Pre-loved items helping welfare homes stretch their ringgit

Zaharah says buying second-hand items helps her to get more out of a limited budget.

CHARITY organisations are opting for second-hand items to help those in need in a bid to cut cost.

Free Market Johor coordinator Zaharah Raishan Mohd Yassin said she was able to stretch her limited budget further by opting for second-hand items as they were significantly cheaper.

“Among second-hand items I have bought for families in need are motorcycles, cellphones and laptops.

“These are essential items for the family to get by.
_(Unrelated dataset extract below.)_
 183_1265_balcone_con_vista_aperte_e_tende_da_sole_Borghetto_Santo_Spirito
We decided to opt for second-hand items because they are a lot cheaper and this will allow us to help more needy people,” she said.

Zaharah said that most donated goods were also second-hand.

“It is important for us to check the items first before giving it to the recipients, because there is no point in us giving free stuff if people cannot use them,” she said.

Apart from clothes, other second-hand goods she receives from well-wishers include toys and books that are distributed during the non-governmental organisation’s (NGO) free market programmes.

Berkat Children Home director Davidson Saindran Lawrence said most of the furniture bought for the orphanage and clothes for the orphans were second-hand items that were in good condition.

“Many people are earning less since the Covid-19 pandemic and some have even lost their jobs.

“This has also affected charity homes that depend a lot on public donations.

“The amount of donations we received dropped drastically over the past two years and adopting cost-saving measures is important in order for us to continue helping the children who seek refuge in our home,” said Lawrence.

“We are able to reduce our expenses by half when we buy second-hand items.

“We just have to make sure that they are all in good condition,” he said.